2. What specific examples should I add?
3. How do I validate the fix before full retraining?
What you're learning: Iterative improvement—using evaluation results to guide targeted fixes.
Prompt 2: Optimize for Production
My Task API agentic model works but inference is slow:
- Current: 800ms p95 latency
- Target: <500ms p95
My setup:
- Model: Llama-3.2-3B with LoRA merged
- Hardware: RTX 4090
- Server: vLLM
What optimization options should I explore?
Consider quantization, batching, prompt caching, and model distillation.
Help me create a testing plan to find the best latency/quality tradeoff.
What you're learning: Production optimization—balancing quality against operational requirements.

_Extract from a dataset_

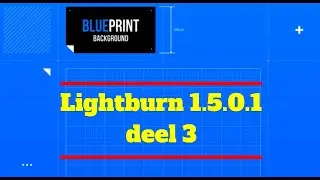 Lightburn 1 5 0 1 update deel 3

Prompt 3: Extend to New Domain
I've built a Task API agentic model. Now I want to apply the same approach
to a different domain: Customer Support with tools like:
- lookup_customer(email)
- get_order_history(customer_id)
- create_ticket(customer_id, issue)
- send_response(ticket_id, message)
Walk me through adapting my agentic-tuning skill:
1. What dataset patterns transfer directly?

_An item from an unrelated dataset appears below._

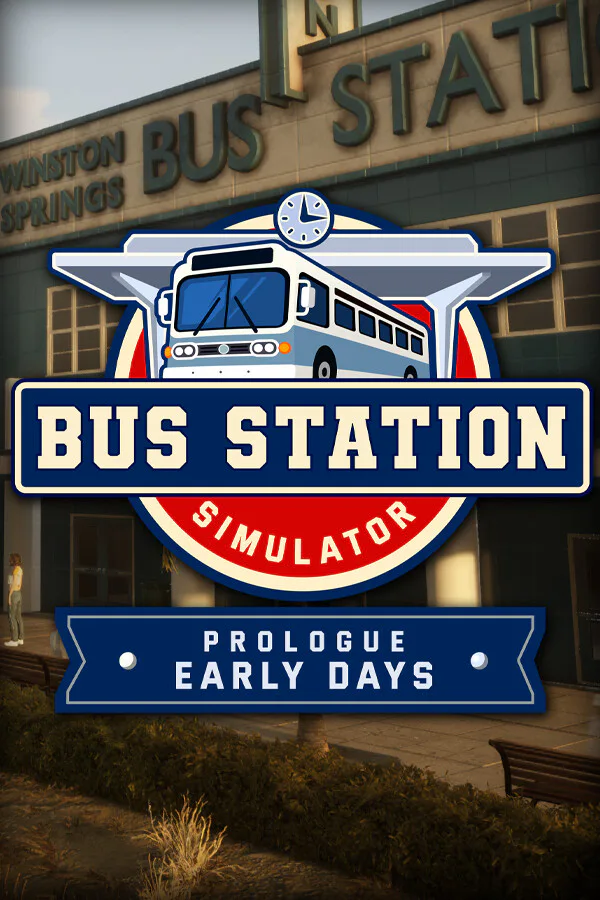 Copertina di Bus Station Simulator: Prologue - Early Days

2. What new patterns do I need for support-specific scenarios?
3. What evaluation metrics should change?
4. How can I reuse my existing codebase?
What you're learning: Pattern transfer—applying agentic tuning methodology to new domains.
Safety Note
Your agentic model can execute real operations when connected to production APIs. Before deployment, implement rate limiting, confirmation flows for destructive operations, and audit logging. A model that reliably calls delete_task is powerful—ensure that power is constrained by appropriate guardrails. Never deploy an agentic model with write access to production systems without human-in-the-loop confirmation for high-risk operations.